In his second novel, God Save the Child (1974), Parker introduces Susan Silverman, who becomes Spenser's lover. In God Save the Child, Parker moves away from the self-conscious nod at the hard-boiled tradition in his first novel, and develops his style more fully. Parker handles the plot better than in his first effort, and sketches even minor characters brilliantly. Throughout all of his novels, even when his plotting is less than satisfactory, Parker's characterization, wit, and dialogue serve to captivate the reader to the end.
The popularity of this ex-cop, ex-soldier, ex-boxer, gourmet detective (who spouts literary allusions as often as he's called a wisecracking bum) earned Parker an Edgar award for best mystery novel of 1976. The book Promised Land was the fourth in the series. Whether Spenser is chasing after international terrorists in The Judas Goat (1978), protecting a lesbian writer in Looking for Rachel Wallace (1980), or investigating drug smuggling in Pale Kings and Princes (1987) and Pastime (1991), he is building a code of behavior. This code will enable him to deal with a chaotic world. Ernest Hemingway laid out such a code in The Sun Also Rises; Parker is doing the same in his Spenser series. The measure of a man is in his response to situations.
Spenser usually must deal with a moral or ethical dilemma by the close of each novel. For example, Ceremony (1982) deals with the sexual exploitation of children. By the end of the novel Spenser must decide with whom April, a young prostitute, should live, uncaring parents or a high-class bordello. His choice would seem reprehensible by society's standards, but Spenser lives by a code which at times must supersede society's moral code.
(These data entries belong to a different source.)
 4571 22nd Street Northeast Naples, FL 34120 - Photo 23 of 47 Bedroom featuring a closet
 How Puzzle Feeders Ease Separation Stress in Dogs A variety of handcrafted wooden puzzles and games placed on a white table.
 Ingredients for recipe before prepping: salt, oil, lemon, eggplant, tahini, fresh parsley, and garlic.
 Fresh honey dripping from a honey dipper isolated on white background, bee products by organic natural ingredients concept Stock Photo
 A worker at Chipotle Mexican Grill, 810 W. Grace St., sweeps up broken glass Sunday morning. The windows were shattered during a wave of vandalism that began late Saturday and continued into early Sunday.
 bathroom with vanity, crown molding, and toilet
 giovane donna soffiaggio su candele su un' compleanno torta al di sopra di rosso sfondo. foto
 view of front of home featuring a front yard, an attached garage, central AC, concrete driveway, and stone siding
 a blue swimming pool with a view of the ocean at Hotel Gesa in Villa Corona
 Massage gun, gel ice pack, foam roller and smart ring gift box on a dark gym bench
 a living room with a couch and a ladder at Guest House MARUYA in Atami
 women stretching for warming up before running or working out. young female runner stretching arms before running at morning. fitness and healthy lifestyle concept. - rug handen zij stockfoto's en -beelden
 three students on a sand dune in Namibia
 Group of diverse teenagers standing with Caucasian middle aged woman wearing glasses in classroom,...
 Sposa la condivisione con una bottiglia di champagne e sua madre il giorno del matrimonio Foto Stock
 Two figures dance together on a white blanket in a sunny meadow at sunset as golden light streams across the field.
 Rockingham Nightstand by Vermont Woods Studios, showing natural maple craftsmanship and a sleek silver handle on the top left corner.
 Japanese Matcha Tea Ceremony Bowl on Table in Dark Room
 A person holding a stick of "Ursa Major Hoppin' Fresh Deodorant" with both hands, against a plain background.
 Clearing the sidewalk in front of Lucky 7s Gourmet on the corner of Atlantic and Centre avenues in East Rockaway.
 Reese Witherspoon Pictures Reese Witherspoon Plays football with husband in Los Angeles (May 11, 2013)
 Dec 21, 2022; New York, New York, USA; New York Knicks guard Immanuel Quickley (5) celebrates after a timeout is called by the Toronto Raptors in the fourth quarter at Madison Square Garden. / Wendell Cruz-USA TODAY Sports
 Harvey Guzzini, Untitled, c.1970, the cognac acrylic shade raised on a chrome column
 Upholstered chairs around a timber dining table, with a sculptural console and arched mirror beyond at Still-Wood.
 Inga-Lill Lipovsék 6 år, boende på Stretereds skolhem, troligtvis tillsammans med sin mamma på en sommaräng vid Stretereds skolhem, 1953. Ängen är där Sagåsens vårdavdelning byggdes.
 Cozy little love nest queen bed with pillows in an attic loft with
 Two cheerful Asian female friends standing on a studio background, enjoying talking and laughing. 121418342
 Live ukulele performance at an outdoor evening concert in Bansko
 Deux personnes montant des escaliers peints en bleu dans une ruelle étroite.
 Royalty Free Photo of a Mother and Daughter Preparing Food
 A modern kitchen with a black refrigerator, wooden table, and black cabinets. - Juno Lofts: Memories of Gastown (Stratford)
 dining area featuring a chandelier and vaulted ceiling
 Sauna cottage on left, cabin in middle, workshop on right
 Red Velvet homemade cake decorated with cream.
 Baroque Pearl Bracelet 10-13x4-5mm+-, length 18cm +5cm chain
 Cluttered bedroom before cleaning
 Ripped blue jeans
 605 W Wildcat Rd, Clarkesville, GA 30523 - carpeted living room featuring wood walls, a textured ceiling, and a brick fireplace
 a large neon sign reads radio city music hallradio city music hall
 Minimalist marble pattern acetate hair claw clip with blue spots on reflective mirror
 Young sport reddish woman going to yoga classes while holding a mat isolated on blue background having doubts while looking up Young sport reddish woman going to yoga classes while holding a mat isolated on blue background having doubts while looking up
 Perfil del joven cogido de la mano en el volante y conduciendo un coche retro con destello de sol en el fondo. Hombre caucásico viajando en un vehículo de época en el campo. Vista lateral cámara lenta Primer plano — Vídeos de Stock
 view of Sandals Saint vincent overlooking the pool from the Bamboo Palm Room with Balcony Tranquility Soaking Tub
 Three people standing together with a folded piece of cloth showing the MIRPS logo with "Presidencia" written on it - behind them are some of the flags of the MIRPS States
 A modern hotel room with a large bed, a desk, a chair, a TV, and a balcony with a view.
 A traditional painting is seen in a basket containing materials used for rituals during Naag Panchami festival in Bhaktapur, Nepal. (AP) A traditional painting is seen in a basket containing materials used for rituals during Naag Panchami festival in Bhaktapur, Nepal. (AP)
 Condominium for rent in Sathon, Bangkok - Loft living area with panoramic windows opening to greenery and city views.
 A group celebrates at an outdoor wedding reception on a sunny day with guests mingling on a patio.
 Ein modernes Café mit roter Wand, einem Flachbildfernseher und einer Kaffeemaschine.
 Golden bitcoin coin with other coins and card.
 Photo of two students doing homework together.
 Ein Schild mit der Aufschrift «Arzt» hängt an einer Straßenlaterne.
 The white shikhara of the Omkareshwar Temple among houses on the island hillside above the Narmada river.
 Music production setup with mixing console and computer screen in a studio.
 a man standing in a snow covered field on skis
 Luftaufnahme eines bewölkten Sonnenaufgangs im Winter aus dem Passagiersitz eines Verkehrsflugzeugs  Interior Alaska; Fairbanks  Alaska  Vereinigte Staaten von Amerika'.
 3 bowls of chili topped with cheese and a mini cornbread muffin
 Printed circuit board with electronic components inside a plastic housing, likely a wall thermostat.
In Promised Land, Parker introduces the character of Hawk, an enforcer for the mob. Newgate Callendar describes him as "a black angel of death who strikes terror into all who cross him." Hawk is the perfect foil for Spenser. Hawk serves to remind Spenser that he doesn't have that far to fall to become Hawk. The relationship between Spenser and Hawk also becomes an excellent source of witty banter.
Where Parker has differed from the hard-boiled tradition most is the extended family that Spenser clearly has throughout the series. Paul Giacomin, who first appeared in Early Autumn (1981), plays the role of Spenser's surrogate son again in The Widening Gyre (1983) and Pastime (1991). Hawk, his friend, and Susan, his lover, appear in almost every novel in the series. Spenser also has contact with Lieutenant Martin Quirk, Sergeant Frank Belson, and Lieutenant Healy over the course of the series. All of these characters form an extended family on which Spenser relies. This is a definite break from the tradition of the detective who returns after a case—alone, desperate to escape from the chaos of the world, and unwilling to connect with another human being—to his shabby apartment.
Although Parker has written a few books not connected with the character of Spenser, including a panned sequel to Chandler's The Big Sleep entitled Perchance to Dream (1991), these forays outside the Spenser series have not been as well received. In Spenser, Parker has created a character to not only continue the hard-boiled detective tradition, but to expand its boundaries. As Robin S. Winks puts it, "There are a dozen claimants to follow Hammett, Chandler, and Ross Macdonald; Parker alone has done it."